As someone who has visited the US and met the members of the Muslim community (During my stay in the US, I spent most of my time in Dearborn, Michigan, home to the largest Arab American community), I saw firsthand how the members of this community (particularly the younger generation born and raised in the US) embrace the American laws, rules and the atmosphere. Some of them even defend the thorough inspections in the airports, saying that US authorities reserve the right to resort to such methods as they are posed to threat of possible attacks, regardless of the religious affiliation of the attacker.
Many from the younger generation even say they can’t imagine themselves going back and living in their countries of origin as they have gotten used to the Western lifestyle. At the same time, these individuals use the virtues of the society in which they live in to raise their voices in support of their cause. In one case, a Lebanese American told me how she and some of her colleagues had protested and walked out during Daniel Pipes’, a well known Zionist, speech in their university (this is a clear example of how Muslims are taking advantage of their rights to resort to peaceful, legitimate and “civilized” means to object something in the US; a right which they would not have enjoyed if living in their home Muslim countries).

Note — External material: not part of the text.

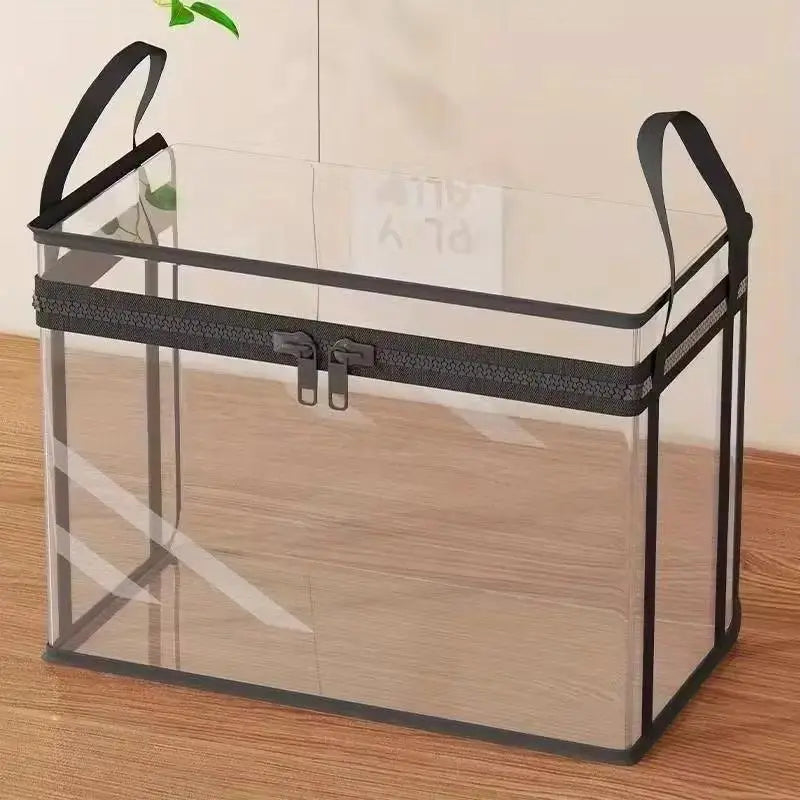 Large Clear Heavy Duty Storage Bin With Hinged Lid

This brings me to another very important point. The uprisings we are witnessing in the Muslim world also offer clear evidence that Muslims, similar to other people, aspire to enjoy liberty and rights. Now I am not saying that the western society is perfect when it comes to liberty and rights (indeed the members of the American Muslim community also complain about prejudice treatment by state authorities). But what I am saying is that the latest events in the Muslim world are about the people who rose against oppression, corruption, political marginalization and a clampdown on their rights, especially freedom of expression. Could this be labeled as radical?

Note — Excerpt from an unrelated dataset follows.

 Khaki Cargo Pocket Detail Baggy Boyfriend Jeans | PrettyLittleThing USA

So what the American public should realize is that there is no need to fear an imaginary radicalization of Islam whether in the US or beyond. Of course there are other reasons why the American public should be worried about these hearings. First of all they are being conducted by a Republican congressman who aspires to become a senator and gain the political support of the Zionist lobby in the US (Here note also the latest news about the Republican congressman John McCain expressing his support for the release of Jonathan Pollard, an Israeli convicted of spying in the US for Israel).
Second we have to look at those who gave testimonies during these hearings. Latest information shows that there has been a call for dismissing the testimony of one of those who bore witness to the idea of “radicalized Islam” because of having a record of being arrested for drunken driving based on the FBI records. According to Ibrahim Hooper from CAIR (the Council for American and Islamic Relations), those testifying in favor of the “radicalization of Islam” are a bunch of selected individuals who express their personal opinions rather than the facts.

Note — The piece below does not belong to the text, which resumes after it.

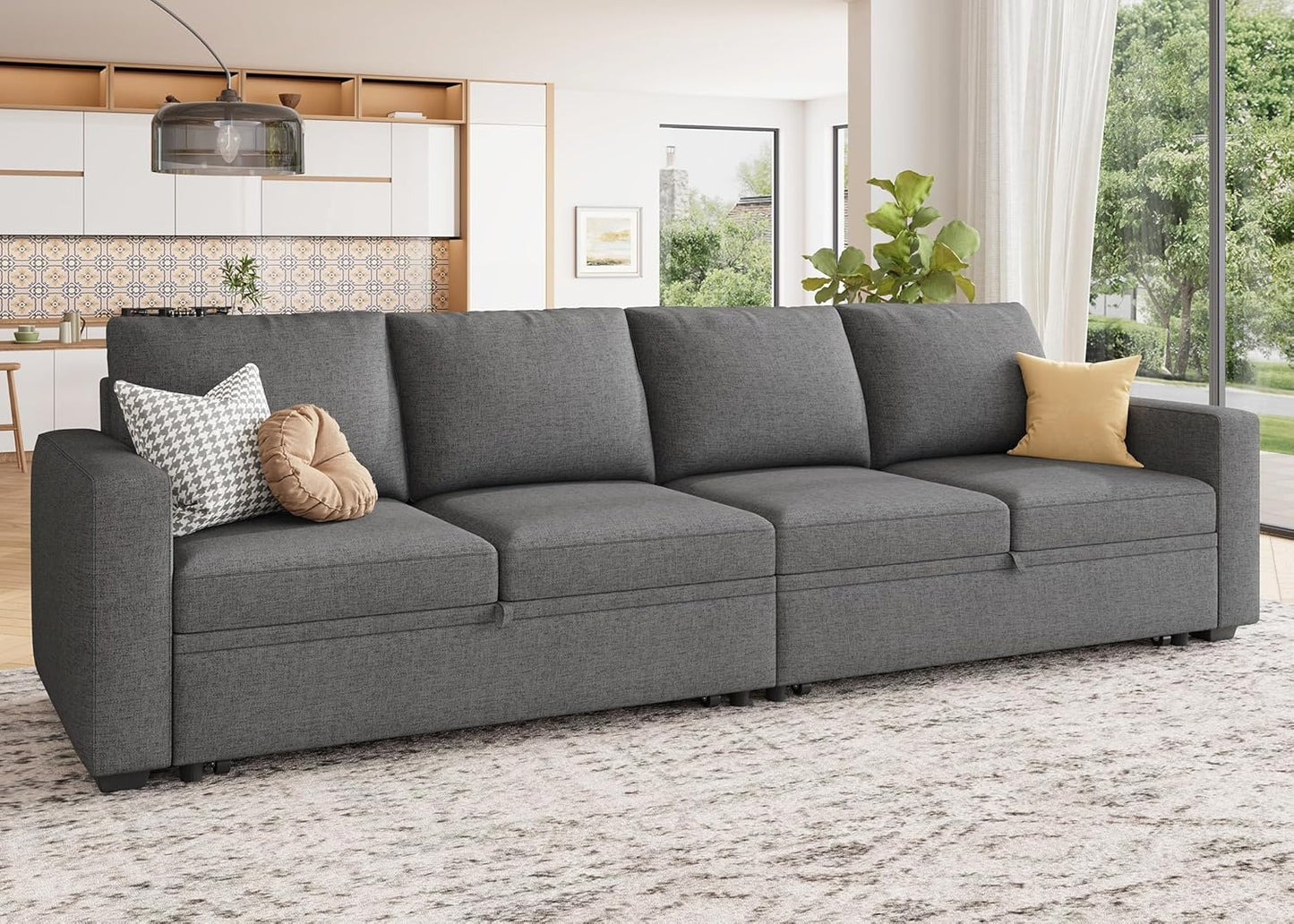 HONBAY Modular Sectional Sleeper Sofa with Pull Out Bed, L Shaped Couch with Storage Seat, Convertible Sectional Couches for Living Room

In conclusion, it should be stressed that the American Muslims have contributed and continue to contribute to the American society. Just take a visit to the Arab -American museum in Michigan and get an idea about these contributions. It is noteworthy that a handful of individuals do not represent the whole Muslim community; in other words, overgeneralization is not always true. And I absolutely do not justify the acts of this handful of Muslim individuals (who in practice have nothing to do with Islam), whatsoever, these acts stem from anger against the American alliance with Israel which in the view point of many Muslims accounts for the killing of many fellow Muslims in Palestine and elsewhere. Just ask Commander of the US and NATO forces in Afghanistan General David Petraeus.